“There is undeniably no genuine exhibition of readiness, which could show that the petitioner (GVK) is serious in completing the transaction,” Delhi HC
Later, a division Bench of Delhi HC
asked both parties to go for arbitration. “The GVK motive is to stall our divestment while progressing a transaction of its own, which involves ceding control of MIAL, in order to remedy their group indebtedness,” Bidvest wrote to the civil aviation ministry.
Furthermore, MIAL management’s time is being consumed over unnecessary litigation
when it is of utmost priority for India that the company is focused on the development of the new international airport in Navi Mumbai and service levels of MIAL, Bidvest said, while asking for the government to intervene in the matter.
In September last year, the arbitration tribunal had stayed Bidvest from selling its shares to Adani Group, but on the condition that GVK Group deposit the entire purchase amount in a no-lien interest bearing escrow account by October 31, 2019. But this condition was not met by GVK.
Instead, GVK Group announced a sale of its 79 per cent stake in its airport holding company to Abu Dhabi Investment Authority, PSP Investments, and National Investment and Infrastructure Fund for Rs 7,614 crore. The proceeds from the transaction was to be used by GVK to retire around Rs 5,500-crore debt and fund the purchase of additional shares in MIAL from two South African entities — Bidvest and ACSA Global.

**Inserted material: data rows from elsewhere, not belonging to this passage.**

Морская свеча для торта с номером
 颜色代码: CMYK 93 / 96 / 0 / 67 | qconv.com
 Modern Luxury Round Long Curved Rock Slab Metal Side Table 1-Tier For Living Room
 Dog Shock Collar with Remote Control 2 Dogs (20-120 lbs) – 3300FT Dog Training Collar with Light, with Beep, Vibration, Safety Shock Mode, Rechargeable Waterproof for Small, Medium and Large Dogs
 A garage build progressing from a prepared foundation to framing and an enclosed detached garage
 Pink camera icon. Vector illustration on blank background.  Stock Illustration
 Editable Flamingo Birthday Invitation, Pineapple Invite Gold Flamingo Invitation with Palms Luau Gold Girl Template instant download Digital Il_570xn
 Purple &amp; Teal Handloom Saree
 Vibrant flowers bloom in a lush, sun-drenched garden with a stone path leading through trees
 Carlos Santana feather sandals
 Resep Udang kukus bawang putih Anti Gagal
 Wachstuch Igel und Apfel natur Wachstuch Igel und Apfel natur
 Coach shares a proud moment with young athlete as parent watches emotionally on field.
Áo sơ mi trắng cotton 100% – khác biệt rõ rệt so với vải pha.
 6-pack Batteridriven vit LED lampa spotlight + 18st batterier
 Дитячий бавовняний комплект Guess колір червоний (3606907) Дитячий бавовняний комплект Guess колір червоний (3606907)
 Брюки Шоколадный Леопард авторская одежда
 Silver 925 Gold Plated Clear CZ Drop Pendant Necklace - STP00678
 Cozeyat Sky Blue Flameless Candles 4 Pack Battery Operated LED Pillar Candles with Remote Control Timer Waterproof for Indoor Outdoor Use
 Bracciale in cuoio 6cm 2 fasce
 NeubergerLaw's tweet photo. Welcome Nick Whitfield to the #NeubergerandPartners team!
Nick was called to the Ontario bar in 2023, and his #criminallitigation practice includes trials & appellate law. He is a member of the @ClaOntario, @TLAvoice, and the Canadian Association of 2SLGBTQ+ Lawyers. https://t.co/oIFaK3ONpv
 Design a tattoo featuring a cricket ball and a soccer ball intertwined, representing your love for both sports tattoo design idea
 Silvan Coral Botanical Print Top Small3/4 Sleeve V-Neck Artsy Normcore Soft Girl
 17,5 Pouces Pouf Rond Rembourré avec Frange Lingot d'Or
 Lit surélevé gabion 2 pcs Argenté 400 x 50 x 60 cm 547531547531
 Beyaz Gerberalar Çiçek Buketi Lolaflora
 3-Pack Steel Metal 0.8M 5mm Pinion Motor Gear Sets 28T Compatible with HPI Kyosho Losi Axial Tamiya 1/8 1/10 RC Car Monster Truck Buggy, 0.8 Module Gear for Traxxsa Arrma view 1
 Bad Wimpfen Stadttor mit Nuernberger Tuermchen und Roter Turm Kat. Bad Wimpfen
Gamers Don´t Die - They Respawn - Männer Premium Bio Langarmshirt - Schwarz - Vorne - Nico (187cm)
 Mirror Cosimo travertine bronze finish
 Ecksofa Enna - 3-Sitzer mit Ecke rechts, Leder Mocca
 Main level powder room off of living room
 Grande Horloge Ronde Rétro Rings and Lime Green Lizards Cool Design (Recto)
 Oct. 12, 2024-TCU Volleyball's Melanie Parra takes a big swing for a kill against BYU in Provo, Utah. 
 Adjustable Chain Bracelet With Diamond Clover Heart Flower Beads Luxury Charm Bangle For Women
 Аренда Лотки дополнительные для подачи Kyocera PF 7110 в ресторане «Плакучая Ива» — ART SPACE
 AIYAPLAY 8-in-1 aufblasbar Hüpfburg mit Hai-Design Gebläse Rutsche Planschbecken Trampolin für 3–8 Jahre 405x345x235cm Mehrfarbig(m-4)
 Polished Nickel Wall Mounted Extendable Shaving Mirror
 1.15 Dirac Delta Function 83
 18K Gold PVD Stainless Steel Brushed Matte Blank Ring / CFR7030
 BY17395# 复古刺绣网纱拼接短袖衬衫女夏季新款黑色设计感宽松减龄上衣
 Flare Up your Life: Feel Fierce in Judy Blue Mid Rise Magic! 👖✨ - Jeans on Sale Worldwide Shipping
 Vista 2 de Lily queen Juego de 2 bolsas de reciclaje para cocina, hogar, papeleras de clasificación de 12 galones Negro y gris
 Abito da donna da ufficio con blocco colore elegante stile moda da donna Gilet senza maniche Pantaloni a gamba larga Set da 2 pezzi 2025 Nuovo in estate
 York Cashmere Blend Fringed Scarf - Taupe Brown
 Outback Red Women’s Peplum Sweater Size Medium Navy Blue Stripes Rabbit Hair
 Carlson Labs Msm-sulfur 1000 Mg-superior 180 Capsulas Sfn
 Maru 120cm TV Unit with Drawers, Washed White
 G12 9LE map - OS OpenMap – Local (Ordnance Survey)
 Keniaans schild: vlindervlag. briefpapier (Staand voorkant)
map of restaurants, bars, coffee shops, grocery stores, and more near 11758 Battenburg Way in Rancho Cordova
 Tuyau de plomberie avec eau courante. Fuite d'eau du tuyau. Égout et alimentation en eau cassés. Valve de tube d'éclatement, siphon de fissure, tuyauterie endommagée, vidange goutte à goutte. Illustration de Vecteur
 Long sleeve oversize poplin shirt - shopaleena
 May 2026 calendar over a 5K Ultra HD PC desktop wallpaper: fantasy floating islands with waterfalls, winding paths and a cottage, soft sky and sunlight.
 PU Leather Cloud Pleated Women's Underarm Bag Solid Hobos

“It is apparent that GVK is trying to raise funds from these investors at a higher valuation and did not have funds to acquire our stake at the time of exercising its RoFR,” Bidvest said, adding “GVK Group has used the litigation
to gain time and defeat our inherent right to sell our shares”.
When contacted, a GVK spokesperson said GVK Group and Bidvest shared a good relationship for the past several years and Bidvest’s behaviour during the exit has been shocking for the GVK group.
“It is due to GVK’s efforts that Mumbai airport is considered as one of the best airports in the world. When Bidvest is making a very attractive return on its original investment in MIAL, GVK Group does not understand what Bidvest has against GVK buying its stake when the money has already been deposited in an escrow account," it said.
"Instead of supporting GVK to exercise its right to exercise the RoFR, Bidvest decided to collude with another Indian party and blatantly violated our shareholders agreement just to ensure GVK does not get to buy the stake. There is no logical explanation for this kind of behaviour except that it wants to create problems for MIAL when it is exiting. In addition to not following the shareholders’ agreement, it has committed serious breaches of the shareholders’ agreement and the share purchase agreement," GVK said, adding the matter is now sub judice.
"We would like to state on record that GVK has no intention to frustrate Bidvest’s exit. Instead, if it had cooperated with GVK, the transaction would have been successfully completed by now and GVK would have acquired the stake," the statement said.
Meanwhile, the arbitration panel has ruled in favour of GVK Group in the dispute between Bidvest and GVK Group, legal sources said. "We are happy that the honourable tribunal has ruled in our favour. Currently, we are in discussions with our lawyers for the future course of action and hence, it will be a bit premature to share any further details," said a GVK spokesperson.